The capacity of a seepage pit is determined by its size plus the ability of the soil to absorb water. If a seepage pit is connected to a septic tank, its capacity should equal that of the tank. Table 4 shows the approximate size of pit required by different-sized homes with varying types of soil.

Dry well

These are used to dispose of non-sewage waste. They are covered pits with an open-jointed lining through which drainage from roofs, areaways, or basement floors can seep.

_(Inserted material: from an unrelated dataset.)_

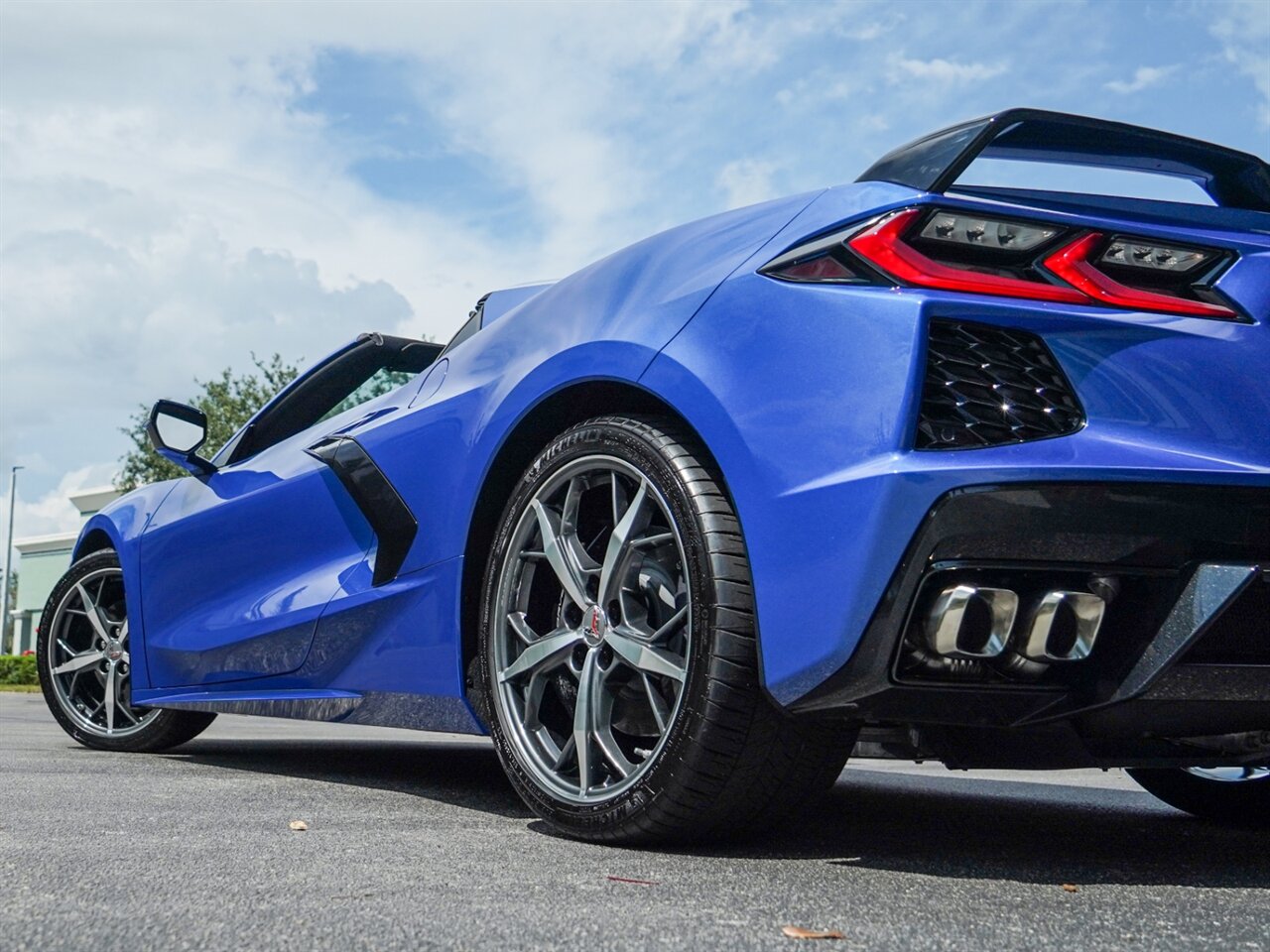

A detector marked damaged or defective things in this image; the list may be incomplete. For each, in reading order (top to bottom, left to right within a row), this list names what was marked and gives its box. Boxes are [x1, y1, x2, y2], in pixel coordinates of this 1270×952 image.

cracked asphalt [0, 695, 1264, 952]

A large dry well resembles a seepage pit in size and construction. It does not, however, have to be curbed but can be filled entirely with coarse gravel or crushed stone. A small dry well to serve an individual drain can be constructed easily. It should be 50 feet from the source of water supply, 20 feet from any disposal field, and 10 feet from the building foundation. It is made by sinking a 3-foot length of 15" or 18" vitrified clay or cement pipe.

The pipe is then filled with either coarse gravel or crushed stone, and a line is brought in from the downspout. The top of the well should have either a concrete cover or one of wire netting over which topsoil is packed.

Cesspools

As was said above, the cesspool is a poor method of disposing of waste and is forbidden by law in many states. It consists of a covered pit into which raw waste is discharged . The liquid waste is taken off by seepage while the pit retains the sludge. Cesspools are particularly dangerous in areas where ground water is less than 20 feet from the surface and on properties where shallow wells are in use. They should be used only when construction of a septic tank is impossible.

The cesspool should be at least 3 feet in diameter and should be deep enough to reach porous earth. The sides of the cesspool should be lined with an open-joint curbing of brick, stone, or block, and sealed above the inlet pipe. Since solids tend to fill the cesspool quickly, it should be connected to a seepage pit or a drainage trench which can take care of liquid overflow. The overflow pipe should be located 6" to 12" lower than the inlet pipe.